The task = Reproduce the entries that follow precisely, setting aside any images.

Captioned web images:
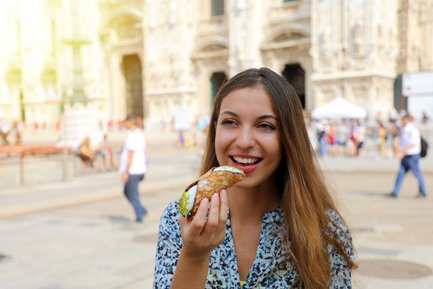 Eine junge Frau genießt einen Cannolo in einer belebten Stadtstraße, umgeben von historischen Gebäuden und Passanten.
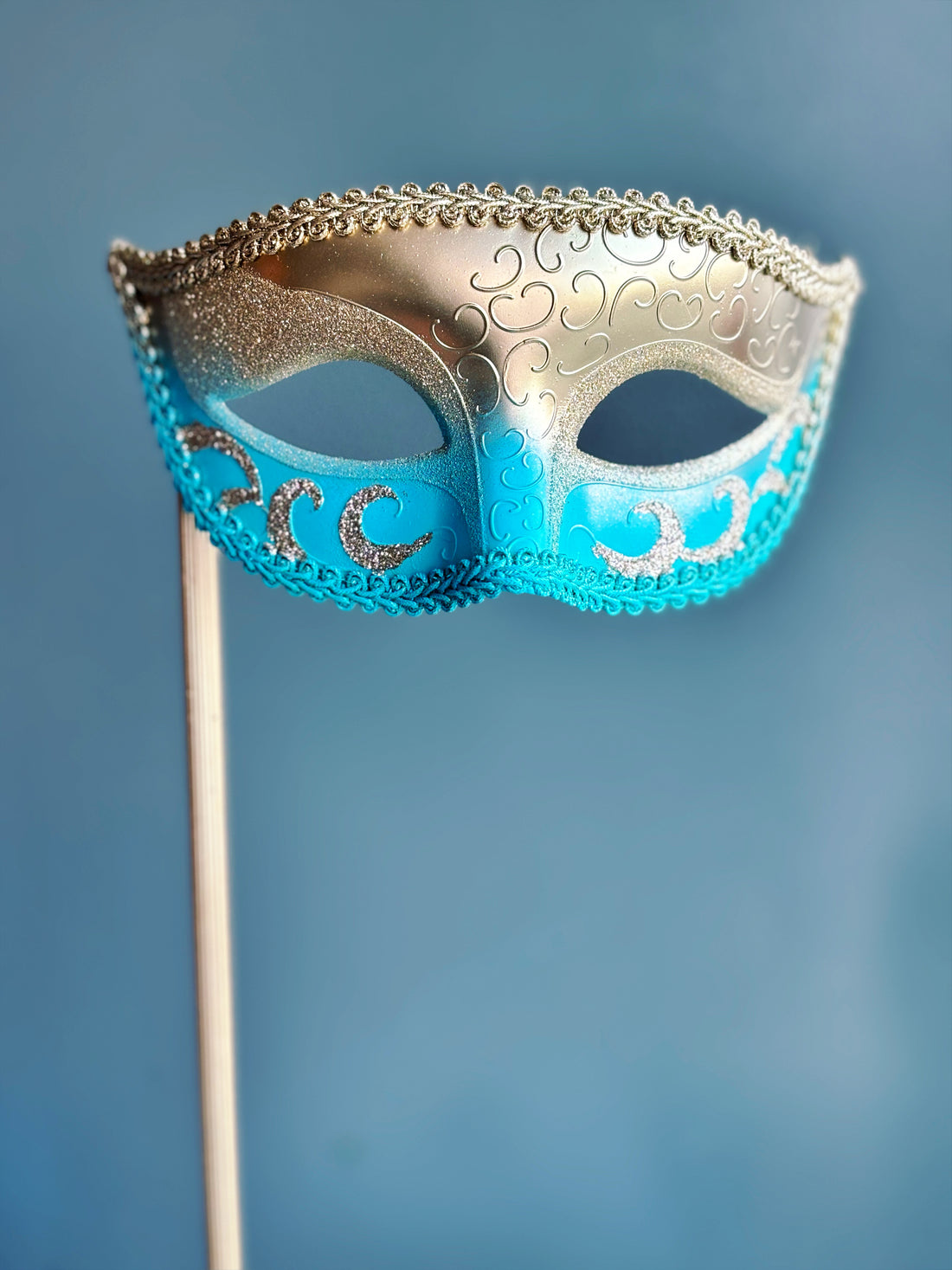 Handheld blue and gold Venetian mask with intricate scrollwork and a decorative stick handle for formal events.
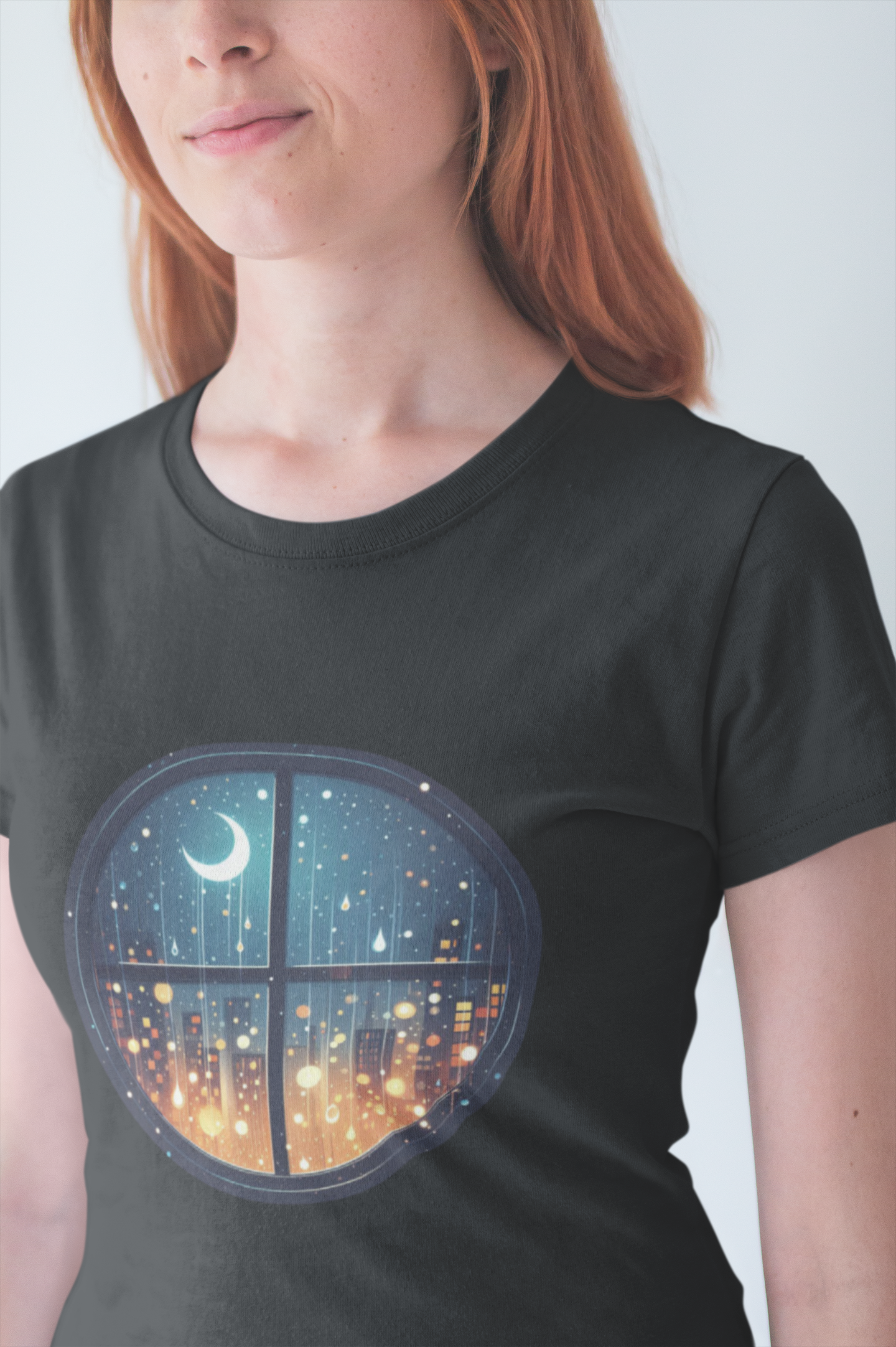 Dreaming Under Drizzles – Crescent Moon & Rainy Night in a City Window Graphic T-Shirt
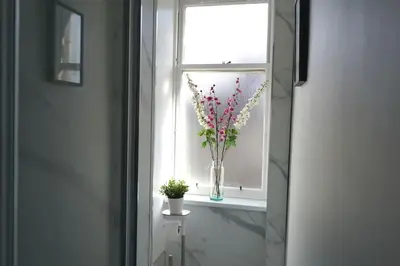 a vase of flowers sitting in a window at Falkirk City Centre Stylish Two-Bedrooms Apartment in Falkirk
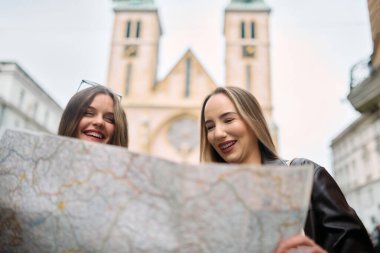 İki kadın turist, ellerinde haritayla şehrin hareketli caddelerinde gezintilerini planlarken, bavullarıyla çevrili, canlı bir tartışma içindeler.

Reply to the exercise =
 Eine junge Frau genießt einen Cannolo in einer belebten Stadtstraße, umgeben von historischen Gebäuden und Passanten.
 Handheld blue and gold Venetian mask with intricate scrollwork and a decorative stick handle for formal events.
 Dreaming Under Drizzles – Crescent Moon & Rainy Night in a City Window Graphic T-Shirt
 a vase of flowers sitting in a window at Falkirk City Centre Stylish Two-Bedrooms Apartment in Falkirk
 İki kadın turist, ellerinde haritayla şehrin hareketli caddelerinde gezintilerini planlarken, bavullarıyla çevrili, canlı bir tartışma içindeler.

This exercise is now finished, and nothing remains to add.